→ **WHAT IS BEING ASKED**: Copy task. Retype the whole listing exactly, omitting any picture in it.

→ **MATERIAL PROVIDED**:

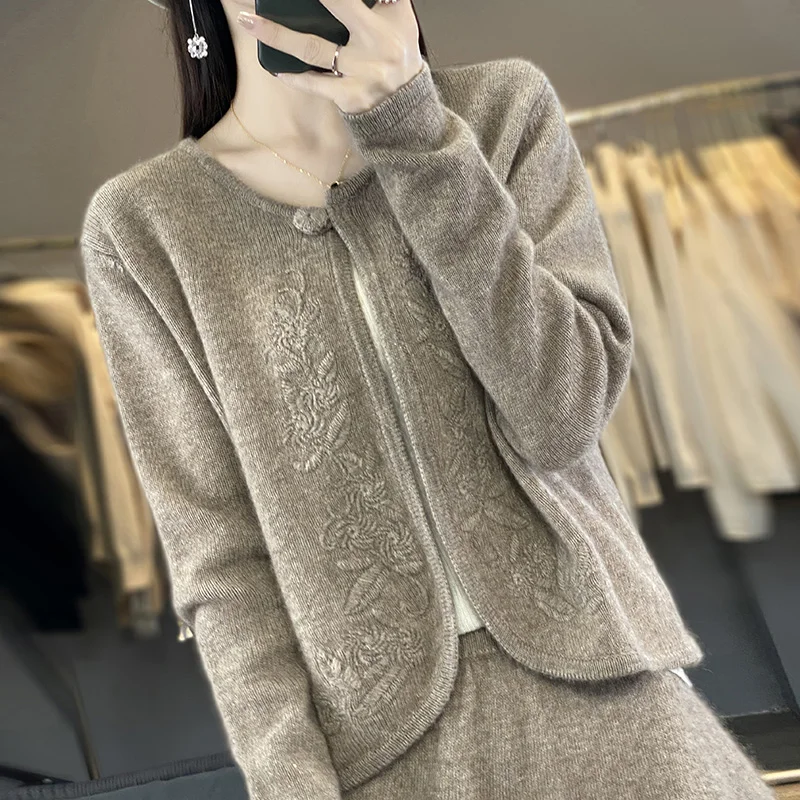 2023  Cashmere Short  Women Cardigans  Autumn/Winter Lady Jackets Warm Soft  Female Long Sleeve Jumpers Woolen Tops NJ01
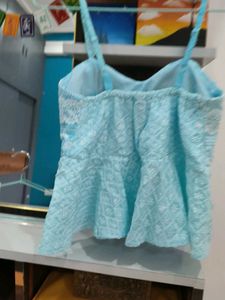 Cute Light Blue Peplum Top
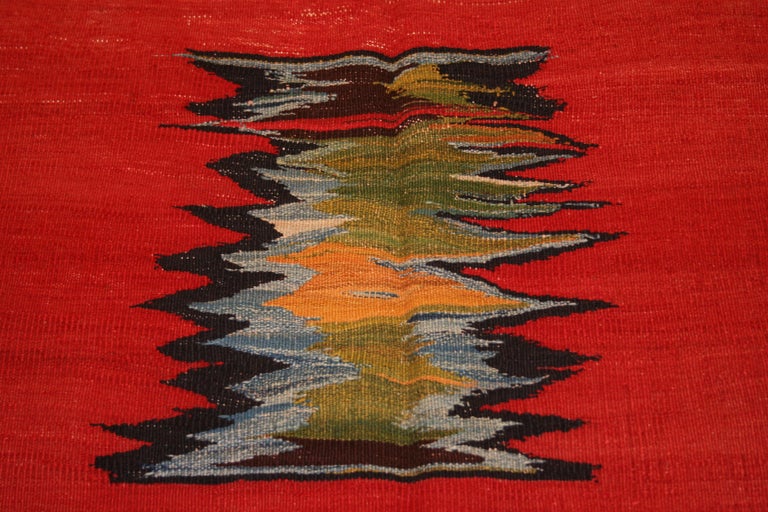 Turkish Vintage Abstract Modernist Tribal Sofreh Kilim Rug For Sale
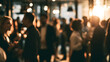 © john - Blurred shot of business people at the party in the office center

→ **SOLUTION TO THE EXERCISE**:
 2023  Cashmere Short  Women Cardigans  Autumn/Winter Lady Jackets Warm Soft  Female Long Sleeve Jumpers Woolen Tops NJ01
 Cute Light Blue Peplum Top
 Turkish Vintage Abstract Modernist Tribal Sofreh Kilim Rug For Sale
 © john - Blurred shot of business people at the party in the office center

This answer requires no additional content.